Leitsatz
Wer als Planer für seine Kunden mit Netz und doppeltem Boden arbeitet und für eine überdimensionierte Statiksicherheit Mehrkosten verursacht, läuft Gefahr auf Schadensersatz in Anspruch genommen zu werden, wenn sich herausstellt, dass der Sicherheitszuschlag überflüssig war.
Sachverhalt
Ein Generalunternehmer, der zu einem Pauschalfestpreis ein Wohn- und Geschäftshaus errichten sollte, beauftragte einen Tragwerksplaner mit den statischen Berechnungen für das Gebäude. Zur Vertragsgrundlage wurde eine erste Berechnung des Statikers verwendet. Bald schon kam ein Nachtrag des Ingenieurs: Er plante die Gründungsplatte um. Durch diese Umplanung musste der Generalunternehmer mehr Stahl einbauen und die Betongüteklasse erhöhen. Das war mit Kosten verbunden, die der Bauherr unter Hinweis auf den vereinbarten Festpreis nicht ersetzen wollte.
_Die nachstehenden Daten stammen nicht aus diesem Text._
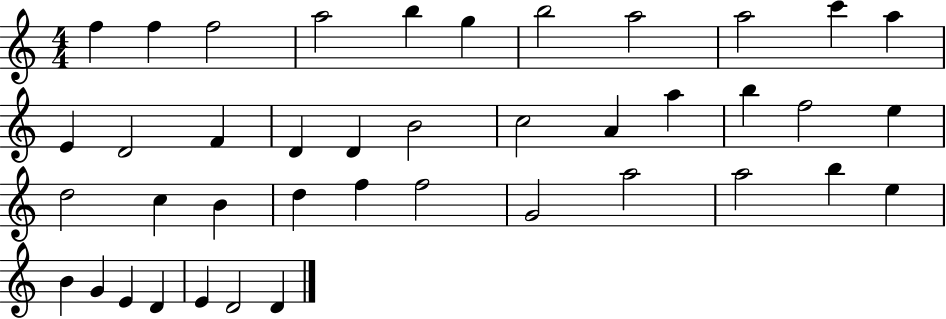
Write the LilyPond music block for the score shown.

{
  \clef treble
  \numericTimeSignature
  \time 4/4
  \key c \major
  f''4 f''4 f''2 | a''2 b''4 g''4 | b''2 a''2 | a''2 c'''4 a''4 | \break e'4 d'2 f'4 | d'4 d'4 b'2 | c''2 a'4 a''4 | b''4 f''2 e''4 | \break d''2 c''4 b'4 | d''4 f''4 f''2 | g'2 a''2 | a''2 b''4 e''4 | \break b'4 g'4 e'4 d'4 | e'4 d'2 d'4 | \bar "|."
}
Das Bauunternehmen gelangte später zur Meinung, dass die Umplanung technisch nicht erforderlich gewesen und die Bodenplatte für das Gebäude überdimensioniert geplant worden sei. Es verlangte die Mehrkosten für die seiner Ansicht nach überflüssige Umplanung in Höhe von annähernd 100000 EUR nun vom Statiker. Auch der weigerte sich zu bezahlen.
Die vom Generalunternehmer daraufhin eingereichte Klage wurde von den Gerichten zunächst abgeschmettert. Die Argumente der Eingangs- und Berufungsinstanz: Der Planer habe eine einwandfreie und rechtzeitige Planung geliefert, weil die Bodenplatte technisch und statisch ohne Mängel sei. Und das sei schließlich seine Hauptpflicht aus dem Vertrag. Die von dem Generalunternehmer behauptete Überdimensionierung der Bodenplatte betreffe dagegen nur wirtschaftliche Gesichtspunkte. Dadurch seien auch keine Nebenpflichten aus dem Ingenieurvertrag verletzt. Dem Planer sei mit dem Ingenieurvertrag weder die Ermittlung und Kontrolle von Kosten übertragen worden, noch habe ein Kostenrahmen existiert.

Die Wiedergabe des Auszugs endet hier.